Moltissimi di loro erano cittadini di Paesi sudamericani, discendenti di italiani emigrati che finalmente potevano inoltrare domanda di cittadinanza italiana; i consolati di Madrid e Barcellona furono sommersi da una marea di richieste.
Il nostro ufficio, che faticosamente cercava di farsi conoscere fra i lavoratori e pensionati italiani residenti in Spagna, trovò così da subito una grande mole di lavoro da svolgere con quei “nuovi cittadini” che venivano dall’Argentina, l’Uruguay, il Brasile, il Venezuela e contavano già sull’INCA perché nei loro Paesi di origine era attiva da decenni.
Si rivolgevano a noi per chiedere il nostro aiuto per legalizzazioni, traduzioni, semplici consigli su come presentare le loro domande e, una volta convertiti in cittadini di pieno diritto, per ottenere documenti ed inoltrare domande che a noi sembrano semplici: un atto di nascita, di matrimonio, registrare un figlio appena nato. Per questi nuovi cittadini sono a volte montagne inaccessibili, perché non conoscono la lingua o semplicemente non sanno dove rivolgersi non conoscendo la nostra organizzazione amministrativa: i Comuni, le Regioni, lo Stato.
Arrivarono e continuano ad essere più del 40% della comunità italiana residente in Spagna e più del 35% degli stranieri che vivono in Spagna (quasi 5 milioni, il 12% della popolazione) provengono da quei Paesi.
Inevitabilmente, si creò da subito una stretta collaborazione con le loro associazioni creando una rete di solidarietà per risolvere piccoli e grandi problemi, ma anche per invitarsi reciprocamente ad eventi culturali, conferenze, presentazioni.

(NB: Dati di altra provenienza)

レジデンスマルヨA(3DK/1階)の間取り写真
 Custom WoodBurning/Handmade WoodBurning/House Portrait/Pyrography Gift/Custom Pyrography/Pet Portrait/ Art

Altre comunità straniere sono “arrivate” soprattutto dall’est europeo (i rumeni sono già il 10% degli immigrati) quando anche loro divennero cittadini dell’Unione Europea una notte di capodanno del 2007 e persero così anche loro l’invisibilità. Molti hanno lavorato in Italia o hanno familiari che ci vivono. Sono proprio loro la nostra prossima sfida, soprattutto ora che possiamo contare sull’INCA di Bucarest.
Continuano ad arrivare molti giovani dall’Italia, non solo per cercare un lavoro, ma anche un altro modo di vita, per le coppie di fatto, le coppie omosessuali, le famiglie monoparentali, le fecondazioni in vitro – diritti che in Italia arrivano lentamente, ma che qui esistono da anni. Arrivano nel momento peggiore, dovuto alla situazione economica, la precarietà, i bassi salari e le maggiori difficoltà poste alla libera circolazione nell’Unione Europea che purtroppo anche qui si fanno strada.
Ugualmente, vogliono vivere qui: dobbiamo aiutarli ad ottenere la residenza permanente non perché altrimenti rischierebbero la deportazione, ma piuttosto di cadere nel lavoro nero, senza diritti, senza servizi assistenziali. Tutelare i diritti individuali è il nostro lavoro.